The task> Your copy should hold only the lines from the one holding "ASUS NotebookPC E203MA/ノートパソコン/Windows11" through the last line of the records below, both included, each exact and with no pictures.

Data extracted from a collection:
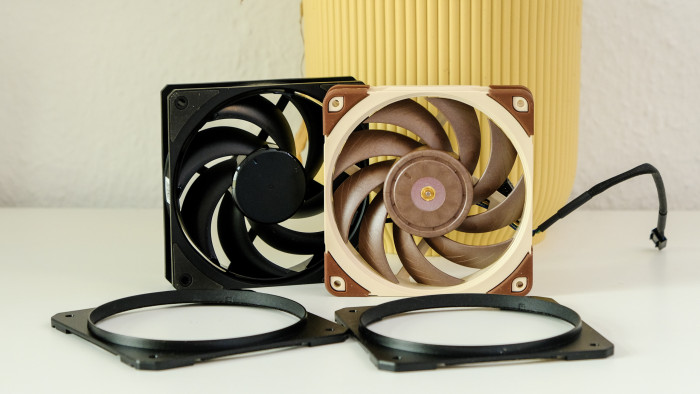 Es gibt mehrere 120-mm-Lüfter zur Auswahl. (Bild: Oliver Nickel/Golem.de)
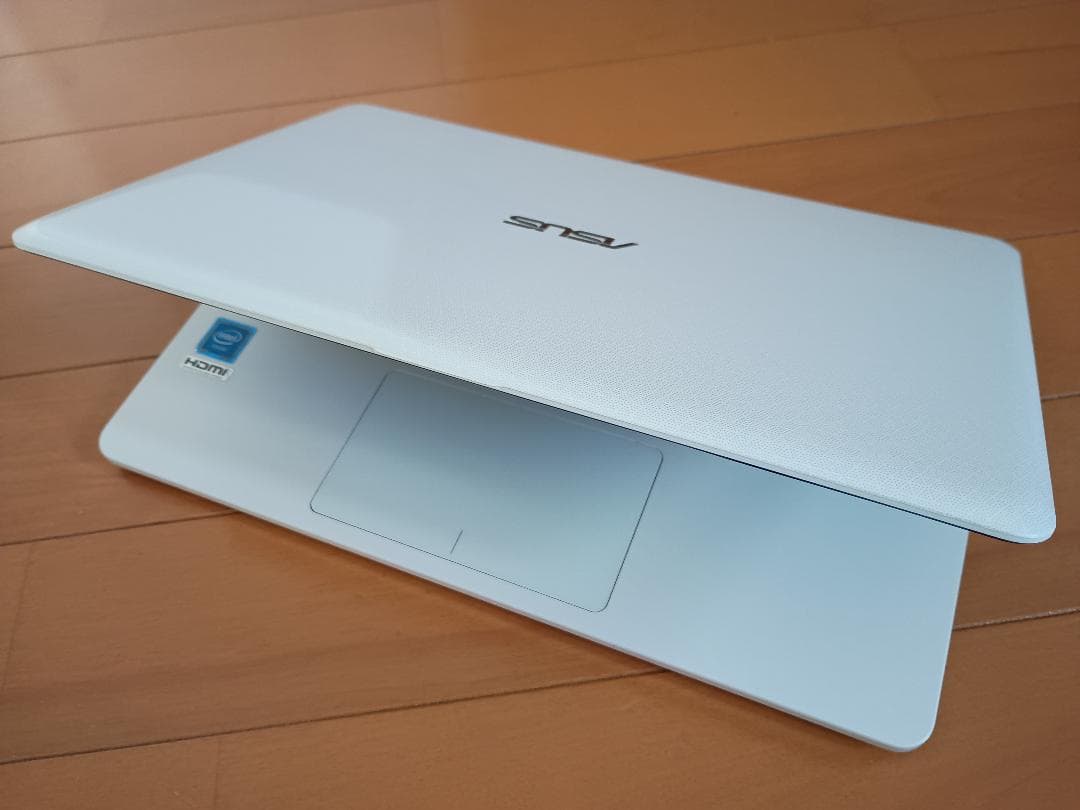 ASUS NotebookPC E203MA/ノートパソコン/Windows11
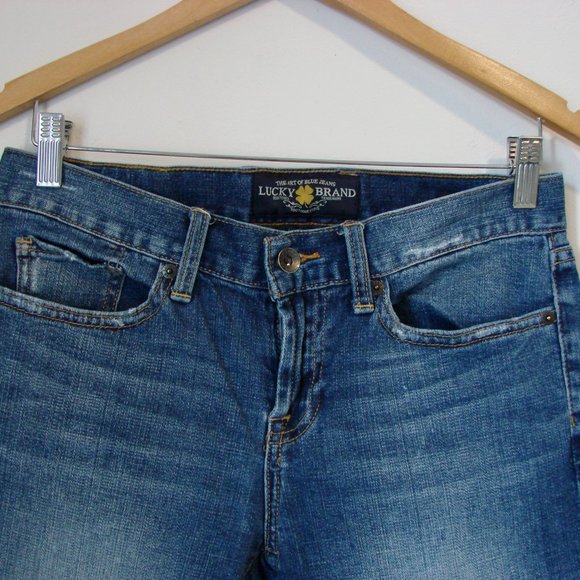 Lucky Brand Jean Shorts Abbey Bermuda Long Denim Frayed Raw Hem Size 4  / 27 - Picture 2 of 16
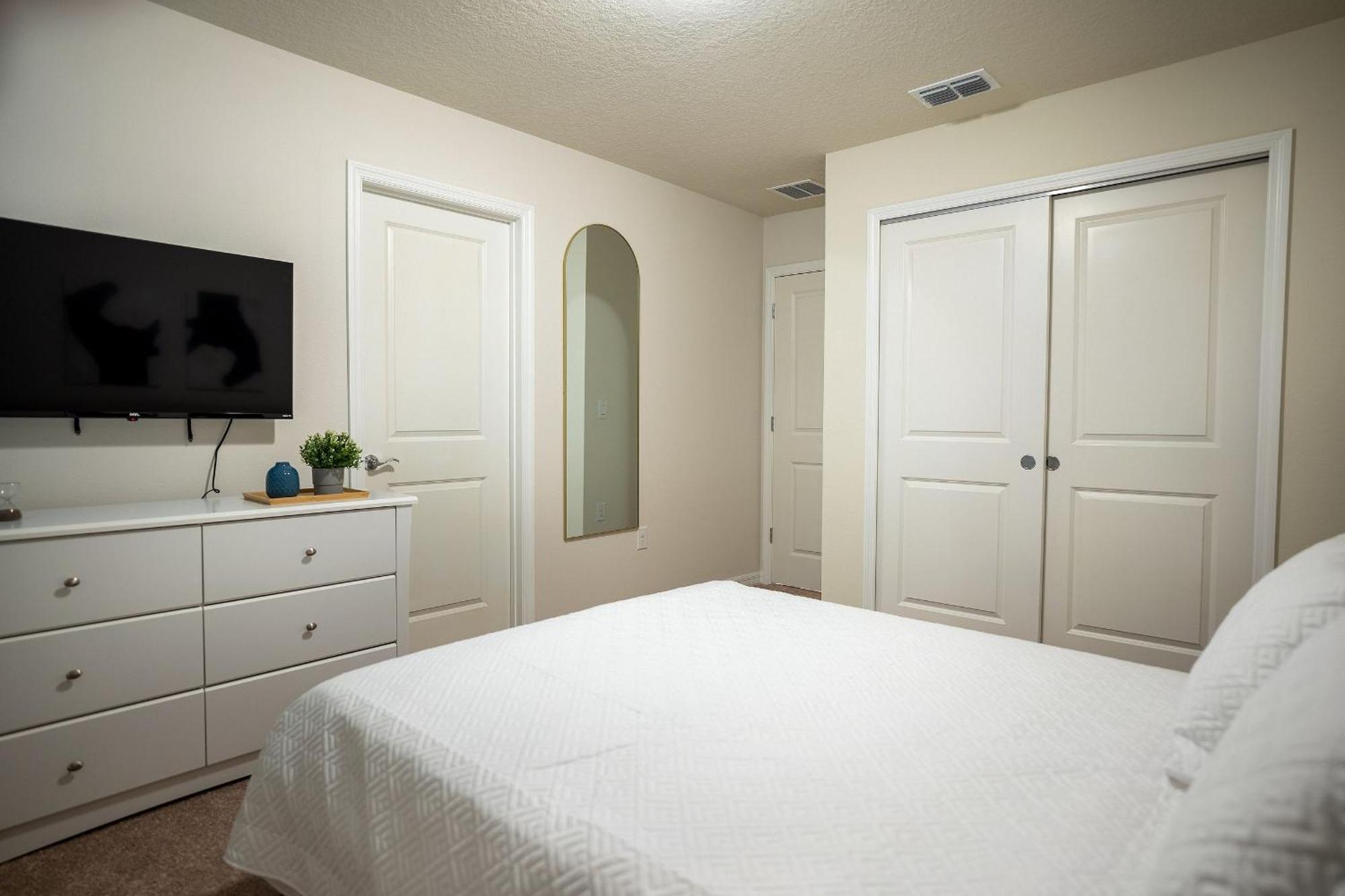 Exquisite 10br/8ba For 28 + Game Room/arcade/pool Orlando
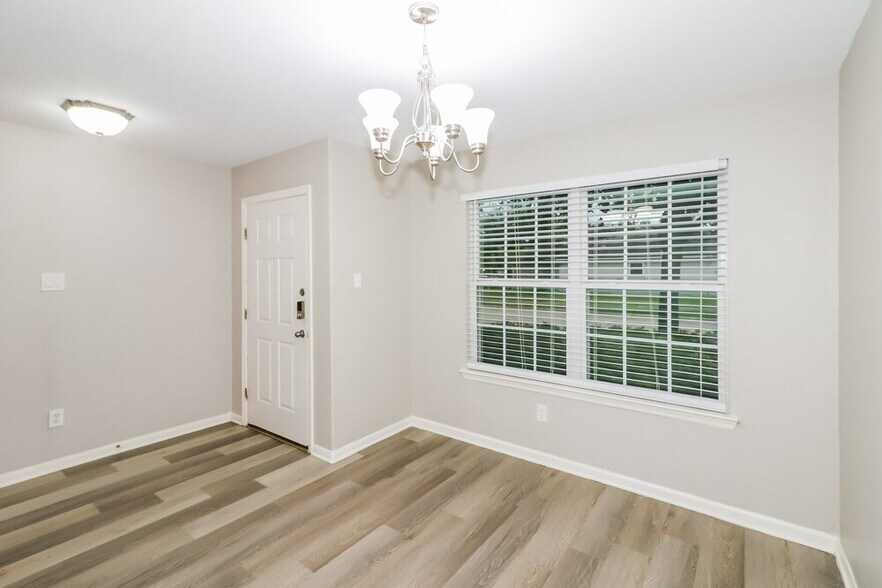 Building Photo - 8410 Tararin Ln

Your response>
 ASUS NotebookPC E203MA/ノートパソコン/Windows11
 Lucky Brand Jean Shorts Abbey Bermuda Long Denim Frayed Raw Hem Size 4  / 27 - Picture 2 of 16
 Exquisite 10br/8ba For 28 + Game Room/arcade/pool Orlando
 Building Photo - 8410 Tararin Ln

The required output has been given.